San Francisco writer, historian and activist Rebecca Solnit in Literary Hub this week: “I crunched the easily crunched numbers last spring and found out that about 11 percent of Democratic voters in the 2016 presidential election were white men. This told me something really important: that in this context white men are a fairly small minority by gender and by race, even under the extraordinary corrupt conditions of that election that held back huge numbers of people of color from full and fair access to the ballot. If and when we have free and fair elections, even leaving out the coming nonwhite majority, the Republican Party will wither away outside its red pockets and the Democratic Party will be accountable to a far more progressive constituency.”

n n n

Or not.



I understand I’m entirely dismissable as just another diabolical, mansplaining white male, though I did vote for the Democratic candidate in that election, however reluctantly.

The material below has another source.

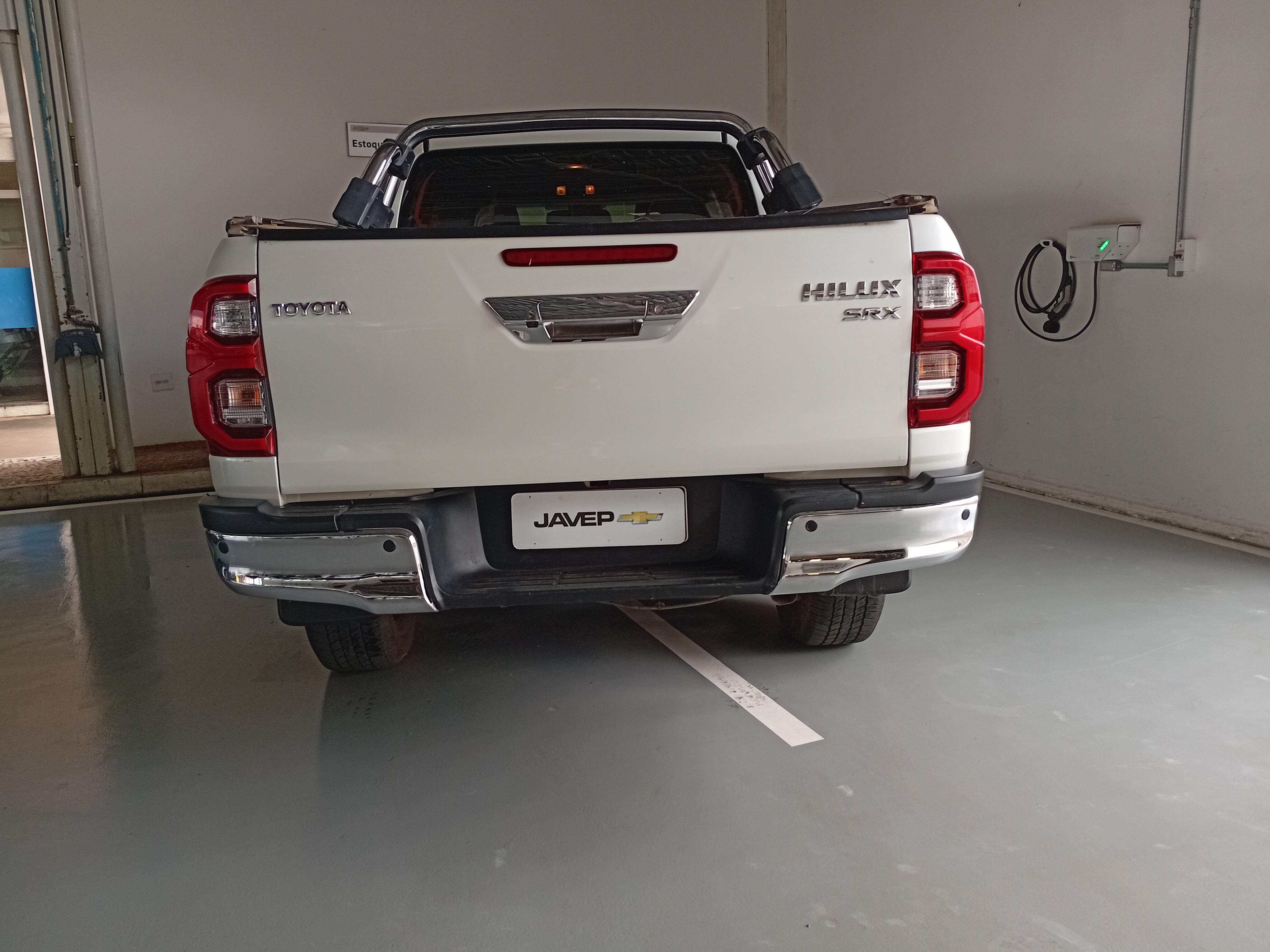 Toyota-HILUX-2.8 D-4D TURBO DIESEL CD SRX 4X4 AUTOMÁTICO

Still, I’d suggest the problem is not the one Solnit outlines above.

… the problem is the nearly half of us who have no interest in voting at all, not even for president.

Anyway, good luck with a strategy or hope of alienating white males on reflex. They do tend to actually vote, after all, along with perhaps a dispiritingly large number of otherwise OK white women who pair themselves with these contemptable men in viewpoint as well as other bonds.



Progressives of all colors and creeds and everything else failed the country in 2016 not from being prevented their chance to vote, but something far more pernicious: Failing to get off their you-know-whats and actually cast ballots.

Too many of those who did participate in our most basic civic duty failed to vote responsibly, either choosing a protest vote for a candidate who could not win or at the farthest extreme, the one of every 10 Bernie Sanders supporters in the primaries who voted for Donald Trump in the end. Still takes my breath away. I get their depth of feeling, just not the rationality involved in such a swing.

In other words, don’t blame just the white dudes for that guy. There was more to this than that, and might well be again in 2020 if the same excuses hold sway.

Once upon a time not so very long ago, people of color and women had real obstacles to voting. By comparison, in a few states Republican schemers have managed to make the process more inconvenient for a few people not big on voting in the first place.

Suggesting today’s annoyances are anything like the Jim Crow era or before strong women won suffrage in 1920 dishonors real heroes, frankly. They overcame very real and scary obstacles to eventually prevail. No excuses.

This is like Zig Ziglar’s adage about learning: “If you are not willing to learn, no one can help you. If you are determined to learn, no one can stop you.”

Anyone today in America who is eligible and wants to vote can do so. The problem isn’t people prevented or discouraged from voting. No, the problem is the nearly half of us who have no interest in voting at all, not even for president.

n n n

I’m not sure which party is in more trouble, as much as each has tilted toward their extremes. Back and forth we’re doomed to go, wilder by the term, each party less and less willing to consider the other, and eager to first undo everything the other side did. Both hear only their own drums beating, pretending that other America doesn’t even exist.

Neither seems to notice an erosion in party membership as the unaffiliated ranks tick up.

The progressive constituency, as Solenit puts it, is at least as likely to hollow out from inside as the current Republicans are vulnerable to withering from their party’s margins, that rather large “pocket” between New England and California.

Our state’s homelessness, housing and PG&E illuminate the holes in progressive governance even as callous conservatism pays a price for blindness to the environment, human dignity and the vast world beyond our borders.

It seems each party gets it partly right and largely wrong. So why can’t we shed the extremes a majority of Americans see on each side and do what’s right for the economy, the environment and all people?

Even white males, bless us our mansplaining. We can start by everyone making sure to vote in 2020, no excuses. It’s really not that difficult.

Beware, though: As you gain power you also pick up responsibility. Governance is supposed to be accountable to all the people.